Telemetry (from the Greek tele = remote and metron = measure) refers to the remote measurement and reporting of information, typically using wireless links to carry the data. Such technology is well established in climatic monitoring (especially temperature), water management, motor sport, security, medicine, defence and even space - Martian probe style.

By Stan Swan

Wireless telemetry (using high voltage valves) was utilised even back in grandpa’s era.Perhaps one of the more exotic installations was the World War II German automatic weather station "Kurt", secretly installed on the Canadian coast by a U-boat in 1943.

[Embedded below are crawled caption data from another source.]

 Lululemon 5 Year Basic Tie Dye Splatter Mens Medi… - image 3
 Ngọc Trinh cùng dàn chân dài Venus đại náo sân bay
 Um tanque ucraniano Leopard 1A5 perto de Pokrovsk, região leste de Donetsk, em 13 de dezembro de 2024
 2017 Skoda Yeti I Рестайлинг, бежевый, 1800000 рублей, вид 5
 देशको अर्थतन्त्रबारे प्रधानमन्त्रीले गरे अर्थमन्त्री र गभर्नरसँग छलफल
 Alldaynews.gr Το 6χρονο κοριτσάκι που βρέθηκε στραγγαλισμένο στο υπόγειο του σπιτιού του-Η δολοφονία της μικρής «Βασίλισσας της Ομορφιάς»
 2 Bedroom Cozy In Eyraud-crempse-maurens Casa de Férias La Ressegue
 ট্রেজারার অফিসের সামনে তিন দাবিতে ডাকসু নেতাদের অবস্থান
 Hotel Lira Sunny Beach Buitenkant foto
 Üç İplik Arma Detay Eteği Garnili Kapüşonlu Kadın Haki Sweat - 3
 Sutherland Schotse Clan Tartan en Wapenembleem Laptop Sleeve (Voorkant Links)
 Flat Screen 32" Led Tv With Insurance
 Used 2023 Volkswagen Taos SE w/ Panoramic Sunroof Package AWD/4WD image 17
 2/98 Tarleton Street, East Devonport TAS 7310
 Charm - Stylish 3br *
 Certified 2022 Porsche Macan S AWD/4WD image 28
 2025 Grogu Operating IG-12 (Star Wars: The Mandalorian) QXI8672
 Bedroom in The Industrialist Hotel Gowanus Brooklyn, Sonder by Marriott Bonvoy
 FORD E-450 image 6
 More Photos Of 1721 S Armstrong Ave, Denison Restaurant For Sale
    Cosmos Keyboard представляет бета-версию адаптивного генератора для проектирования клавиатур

Its 150W short-wave transmitter, powered by an array of nickel-cadmium and dry-cell batteries, produced coded signals (derived from weather sensors) receivable thousands of kilometres away in Europe. Distant Atlantic weather conditions could then be monitored but – fortunately for Allied shipping – jamming thwarted the station’s eventual mission!

Click for larger image
The HopeRF module that has Stan so excited this month! Shown here approximately life size, it operates in the 434MHz "LIPD" band and mates perfectly with Stan's other favourite toy, the PICAXE.

Modern motor racing telemetry allows trackside engineers to view and interpret live race data and use it to rapidly tune their racecar at eventual pit stops. When every second counts, the ability to promptly work on tele-monitored faults can make for improved race performance.

Such "mission critical" applications usually have heavy duty telemetry budgets but the availability of cheap data modules in recent years has allowed UHF wireless data links to proliferate, with many homes even now having several quietly at work – typically at 433.920MHz.

As wireless links on the higher (near microwave) 1.8-2.4GHz bands are almost line of sight (LOS), many field telemetry setups in fact prefer low UHF (300-900MHz) or even lower VHF (30-300MHz), as this ensures better signal penetration of vegetation and buildings.

The popular 434MHz slot, globally reserved for low power (25 mW) unlicensed Industrial, Scientific and Medical (ISM) wireless data, increasingly abounds with weird signals arising from home weather stations, power meters, car locks, garage door openers, security systems and wireless doorbells. In many suburbs at peak times, a UHF scanner tuned to 434MHz can issue sounds akin to an African dawn chorus!